There's the problem right there. The prices and product data are publicy visible - because there is a target audience of /humans/ for whom the site is designed and intended to be used by. The site is not there to cater for a competitor's scrapers.

I don't care how much people couch their unethical behaviour in "the data is publically available", the basic fact is most if not all websites exist for human eyeballs to look at them. They do not exist for arseholes to DOS them by inundating them with scrapers.

4 comments

From my perspective, the problem is that the data that is offered isn't really "for humans". The data is for convincing the humans to buy/pay or worse, browse and watch ads as a result.

But overall, information is one of those goods that has intrinsic properties like no other. It can be copied, infinitely. And we haven't yet figured out the dynamics of how to reason about it, so it feels like we're pretending they're physical goods.

Edit. Side note. I'd go further and say that some of the data is even worse, it's "offered" with the real intention being to confuse the users into performing non-optimally in the market. Look at Amazon/Ebay/AliExpress/Google listings for evidence of that. Just Google - Google is a ML and scraping power house, and the best they can muster is to be spammed with fake websites and duplicate/confusing listings.

You hit the nail on the head. It's hard to have sympathy for site operators complaining about scraping, where almost every site does its best[0] to make using it a time consuming, potentially risky and overall annoying ordeal.

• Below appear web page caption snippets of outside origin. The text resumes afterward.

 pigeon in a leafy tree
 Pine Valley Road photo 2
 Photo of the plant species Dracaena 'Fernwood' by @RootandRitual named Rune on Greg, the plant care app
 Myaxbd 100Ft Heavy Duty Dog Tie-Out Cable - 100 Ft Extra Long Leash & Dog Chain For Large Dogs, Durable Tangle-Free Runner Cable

Not to mention, information asymmetry is anathema to a well-functioning market, and yet no. 1 reason for fighting bots given in the whole thread here is a desire to maintain that information asymmetry.

And that's also the dirty secret behind the "attention economy": it's whole point is to make things as inefficient as possible, because if you're making money on people's attention, you need to first steal it (by distracting them from what they're trying to achieve), and then either direct towards your goals (vs. those of the users), or stretch it out to maximize their exposure to advertising.

--

[0] - Sometimes unintentionally. Unfortunately, the overall zeitgeist of UX design is heavily influenced by bad players, so default advice in the industry is often already intrinsically user-hostile.

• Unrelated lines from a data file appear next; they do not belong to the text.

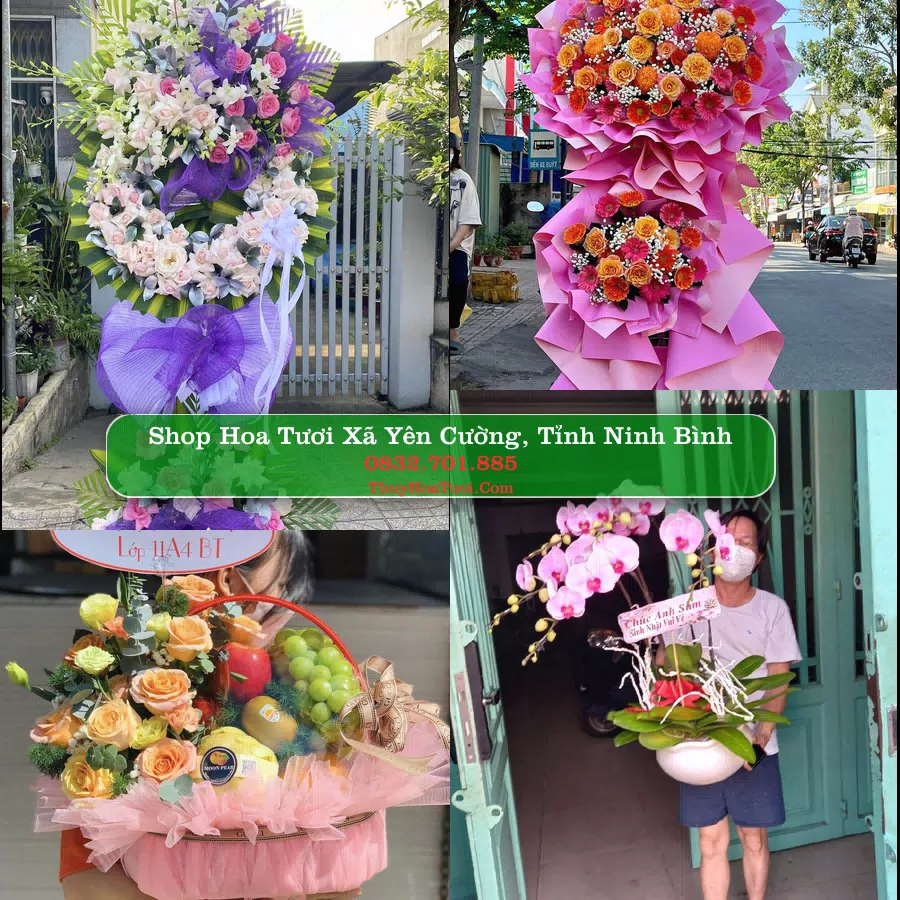 Shop Hoa Tươi Xã Yên Cường - Tỉnh Ninh Bình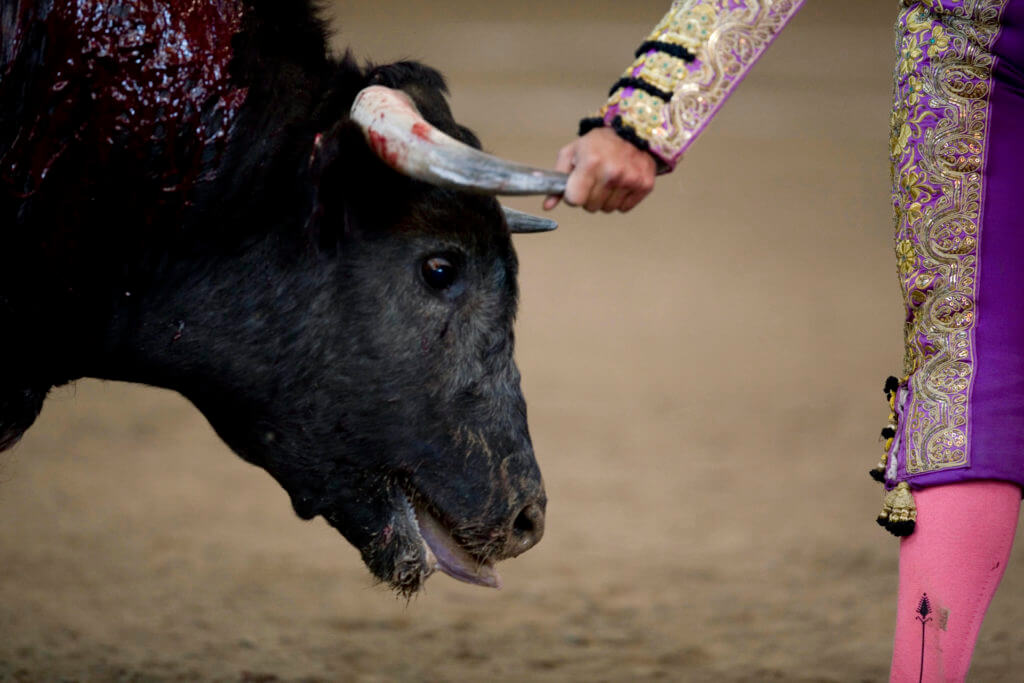 ¿Cuántas familias viven de los toros en España?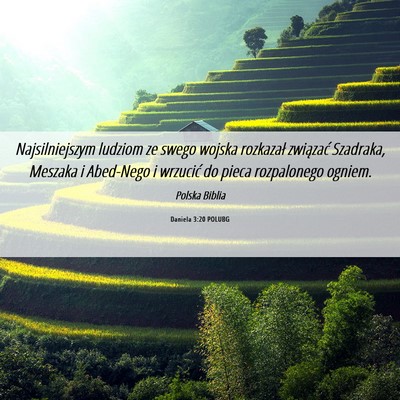 Picture 06 - Daniela 3:20 POLUBG - Najsilniejszym ludziom ze swego wojska rozkazał - Bible Verse Picture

> Not to mention, information asymmetry is anathema to a well-functioning market, and yet no. 1 reason for fighting bots given in the whole thread here is a desire to maintain that information asymmetry.

This is exactly right.

> the basic fact is most if not all websites exist for human eyeballs to look at them.

There's a whole ethical subthread here of websites trying to making the experience for those humans miserable, and taking away the agency necessary to protect oneself from that. A browser is a user agent. So is a screen reader. So is a script one writes to not deal with bullshit fluff, when all one wants is a simple table of products, features and prices.

I agree 100%, but it is a fact of life, and sometimes it's better to just minimize the fuzz and focus on the things that matter.

Your argument is perfectly valid and applies to offline activities as well (what stops a competitor from walking through the aisles of a Walmart or Costco?), but this is a battle that can't be won, there are too many parasitic actors. It is human nature.

Understanding your competitor's pricing is not "parasitic", it's research. Every company I've ever worked for that sells something online scrapes their competitors in some way (whether with bots or with interns).
I would say it's the opposite of parasitic. It's essential to having a well-functioning free market.
> (what stops a competitor from walking through the aisles of a Walmart or Costco?)

That's a significant portion of Nielsen's business model.

Let's not encourage these unethical people to even think of using human eyeballs and manual data entry for their scraping instead of bots. That sounds pretty darn unethical.